In the faith-based world large numbers of voters move away from cities and settle in the exurbia to bring up children, lots of children. These people are religious and believe in traditional gender roles. They also voted for George Bush:
You can see surprising political correlations. As Steve Sailer pointed out in The American Conservative, George Bush carried the 19 states with the highest white fertility rates, and 25 of the top 26. John Kerry won the 16 states with the lowest rates.
Clearly, the future belongs to the fertile Republicans in the exurbia of the Red states.

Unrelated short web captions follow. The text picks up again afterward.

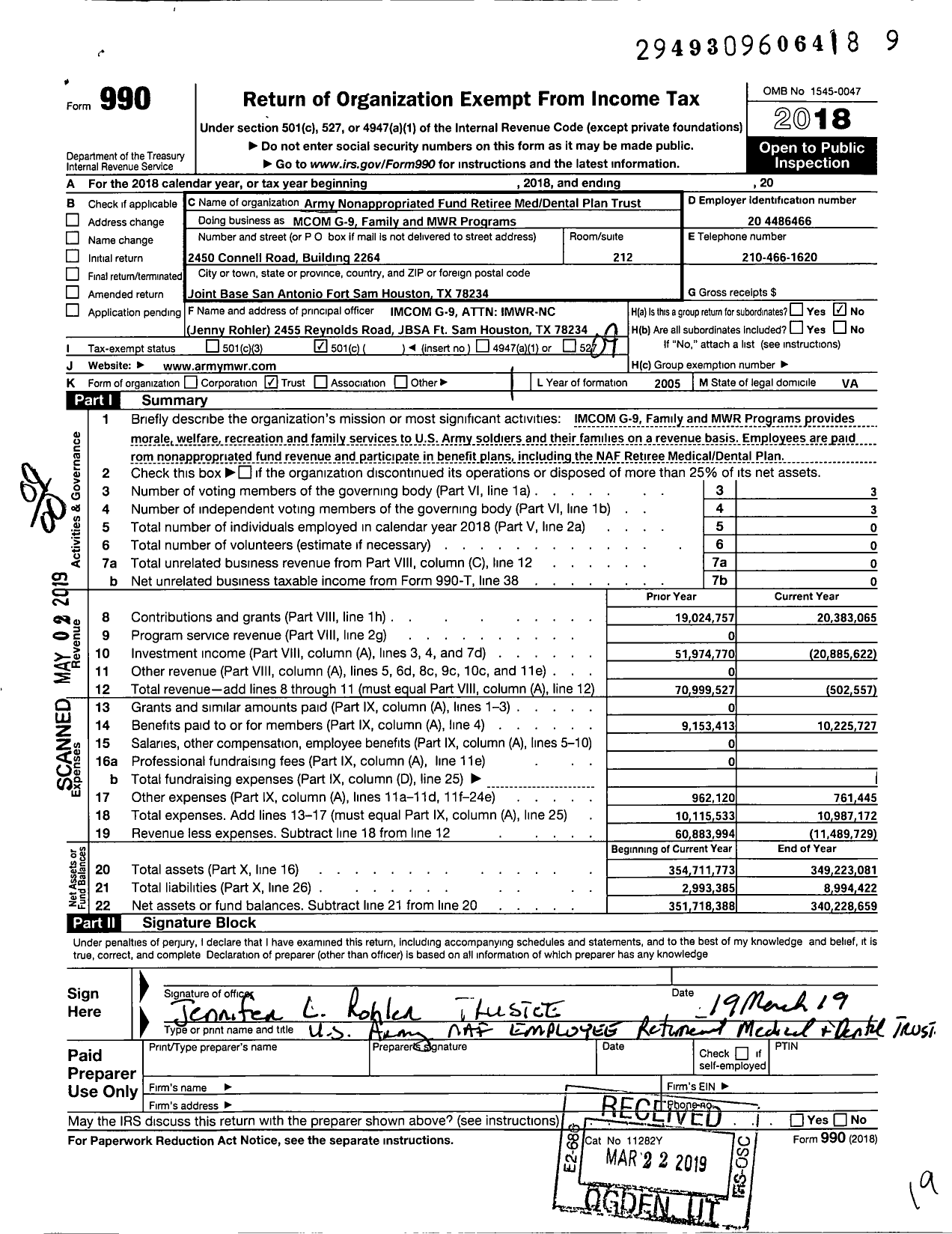 Image of first page of 2018 Form 990O for Army Nonappropriated Fund Retiree Med Dental Plan Trust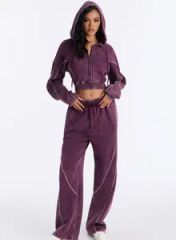 Versatile Womens Washed Lounge Pants for Home and Outings Fit Regular Fit Hood Type Hooded Pattern Acid Wash Origin Ningbo, - Image 1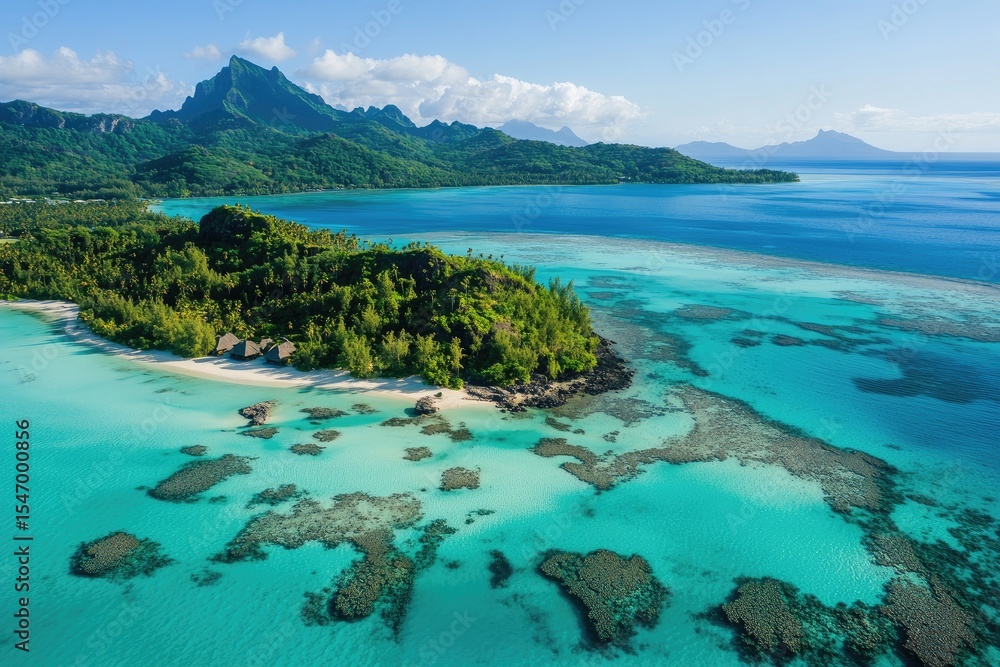 Fototapeta premium Aerial view of a tropical island paradise with pristine beaches, lush greenery, and vibrant turquoise waters surrounding a coral reef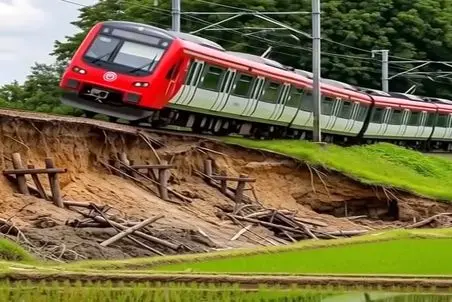معماری طبیعت؛ راننده قطار خوابش گرفت از ریل منحرف شد کجکی رفتن تو شالیزار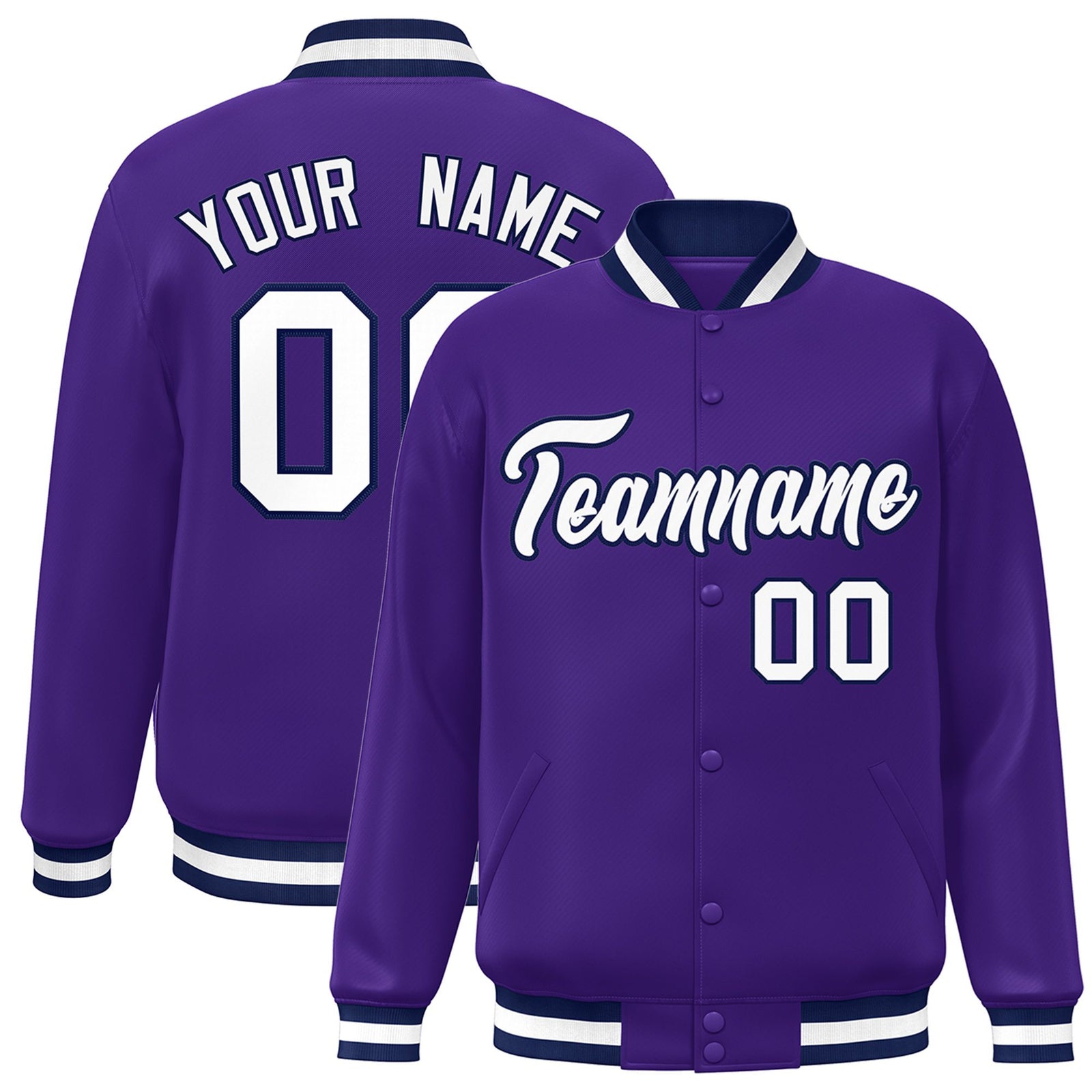 Custom Purple White-Navy Bomber Full-Snap Varsity Letterman Jacket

Or so writes David Brooks. Too bad that the evidence he used comes from a man who is a white natalist, a believer in the need for the white race to have more children. Too bad that he's quite explicitly racist in his writings, and that his evidence is not about all Americans but only white Americans. Too bad that Brooks didn't bother to check this out or that he did so, yet consciously chose to phraze the arguments as something different.
And it's really too, too bad that his basic assumption is incorrect: birth rates are not higher in the Red states when we remove the assumption that only white births matter:
Brooks and Sailer asserted that Bush carried the 19 states with the highest white fertility rates, and Kerry the 16 states with the lowest. But, according to data from a National Center for Health Statistics report, when the birth rates of all women are considered, regardless of race, "blue" states such as California, Illinois, and Hawaii are among the top 19 states, while other "blue" states such as Minnesota, Delaware, and Maryland make it into the top 26. Among the bottom 16 were "red" states such as Iowa, North Dakota, Florida, Montana, and West Virginia.
I'm not sure why the New York Times is always looking for more conservative voices when absolutely wonderful liberal writers end up being published on the very fringes if at all. But it makes me terribly sad to think that David Brooks might be the reason why Barbara Ehrenreich is not a regular columnist in the paper.